Zumrotul Anisah, Moeslich Hasanmihardja, Didik Setiawan

Abstract


ABSTRAK

Pelayanan kefarmasian merupakan bentuk pelayanan dan tanggungjawab langsung profesi apoteker dalam pekerjaan kefarmasian untuk meningkatkan kualitas hidup pasien, sehingga pelayanan kefarmasian sangat berpengaruh terhadap kepuasan konsumen / pasien di apotek. Tujuan penelitian ini adalah untuk mengetahui pelaksanaan pelayanan kefarmasian di apotek dan pengaruhnya terhadap kepuasan konsumen di apotek Purwokerto. Jenis data yang digunakan adalah data primer yang diperoleh melalui survei yaitu dengan penyebaran kuisioner kepada responden apoteker dan konsumen apotek. Responden apotek yang diambil mengikuti jumlah apotek yang dijadikan untuk penelitian yaitu 4 apotek. Pemilihan apotek berdasarkan teknik area random sampling. Responden konsumen diambil 400 responden berdasarkan teknik accidental sampling. Data di analisis menggunakan program SPSS for Window Ver 16. Dari hasil analisis diperoleh nilai signifikan (p) 0,318 > 0,05 sehingga didapatkan kesimpulan tidak ada hubungan yang bermakna secara statistik antara pelayanan kefarmasian dengan tingkat kepuasan konsumen apotek di wilayah Purwokerto, dan menurut konsumen secara keseluruhan pelayanan kefarmasian di apotek Purwokerto sudah memuaskan.

Kata Kunci: Kualitas pelayanan kefarmasian, kepuasan konsumen apotek.

ABSTRACT

Pharmaceutical care was care and responsibility dispenser professian in pharmacy job to increase the quality of costumer life. So pharmaceutical care was very influence to costumer’s satisfied in dispensary.
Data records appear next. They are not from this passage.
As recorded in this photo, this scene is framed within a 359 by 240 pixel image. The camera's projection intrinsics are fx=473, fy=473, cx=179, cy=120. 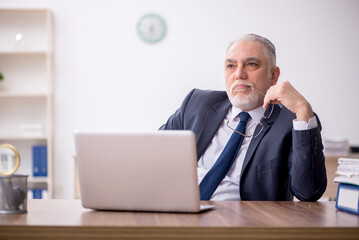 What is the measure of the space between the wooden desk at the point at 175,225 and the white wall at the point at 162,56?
362 centimetres

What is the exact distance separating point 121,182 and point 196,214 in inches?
9.0

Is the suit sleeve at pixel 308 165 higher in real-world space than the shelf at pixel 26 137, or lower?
higher

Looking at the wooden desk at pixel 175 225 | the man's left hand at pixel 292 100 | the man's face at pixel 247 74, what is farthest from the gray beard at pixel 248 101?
the wooden desk at pixel 175 225

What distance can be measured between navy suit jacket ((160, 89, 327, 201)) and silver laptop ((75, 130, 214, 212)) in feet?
1.91

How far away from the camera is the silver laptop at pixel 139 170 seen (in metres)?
1.29

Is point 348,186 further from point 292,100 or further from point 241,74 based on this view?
point 241,74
The aims of the research were to find out the implementation of pharmaceutical care in dispensary of Purwokerto. The writer used analytic descriptive by using approach method of observation. Data used was primer data which was obtained through survey where by spread out the question to respondent such as apothecary and consumer. The write took 4 dispensaries as place of the research. Dispensary was chosen based on area random sampling. Costumer’s respondents were taken based on accidental sampling technique. The data was analyzed by SPSS program for Window Ver 16. The result of analysis was obtained the signifikan value (p) 0.318 > 0.05. It means that there is no valid relation between phamaceutical service and dispensaries consumer satisfaction rate in Purwokerto, and according to all consumer said that pharmaceutical care in dispensary of Purwokerto have satisfied.

Key words : The quality of pharmaceutical care, dispensary costumer satisfaction.

References


Arikunto. 2006. Prosedur Penelitian Suatu Pendekatan Praktik. Jakarta: Rineka Cipta.
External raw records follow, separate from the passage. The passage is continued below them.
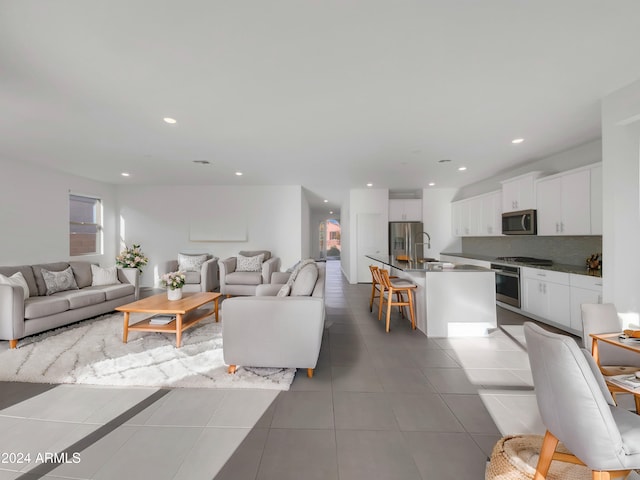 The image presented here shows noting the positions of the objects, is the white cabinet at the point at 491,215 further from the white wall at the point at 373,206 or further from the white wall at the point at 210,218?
the white wall at the point at 210,218

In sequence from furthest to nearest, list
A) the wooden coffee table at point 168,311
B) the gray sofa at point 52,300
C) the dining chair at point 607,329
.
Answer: the wooden coffee table at point 168,311
the gray sofa at point 52,300
the dining chair at point 607,329

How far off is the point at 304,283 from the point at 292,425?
1.28 metres

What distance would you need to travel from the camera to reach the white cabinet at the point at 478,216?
5.27m

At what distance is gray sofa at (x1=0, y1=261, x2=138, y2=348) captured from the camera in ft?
9.97

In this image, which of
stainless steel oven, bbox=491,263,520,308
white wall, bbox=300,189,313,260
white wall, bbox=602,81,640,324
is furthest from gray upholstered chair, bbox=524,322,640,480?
white wall, bbox=300,189,313,260

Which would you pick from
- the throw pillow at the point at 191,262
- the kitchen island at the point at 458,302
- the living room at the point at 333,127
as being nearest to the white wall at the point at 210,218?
the throw pillow at the point at 191,262

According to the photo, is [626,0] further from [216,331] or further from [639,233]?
[216,331]

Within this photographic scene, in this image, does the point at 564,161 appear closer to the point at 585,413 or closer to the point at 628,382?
the point at 628,382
_______. 1993. Undang-Undang RI NO. 23 tahun 1993 Tentang Kesehatan. Jakarta: Depkes RI.

_______. 1993. Permenkes NO. 922/MenKes/Per/X/1993, Tentang Perijinan Apotek. Jakarta: Depkes RI.

_______. 1993. Kumpulan Peraturan Perundang-undangan Bidang Obat. Jakarta. Depkes RI.

Nawawi, H.H. 2007. Metode Penelitian Bidang Sosial. Yogyakarta: Gadjah Mada University Press.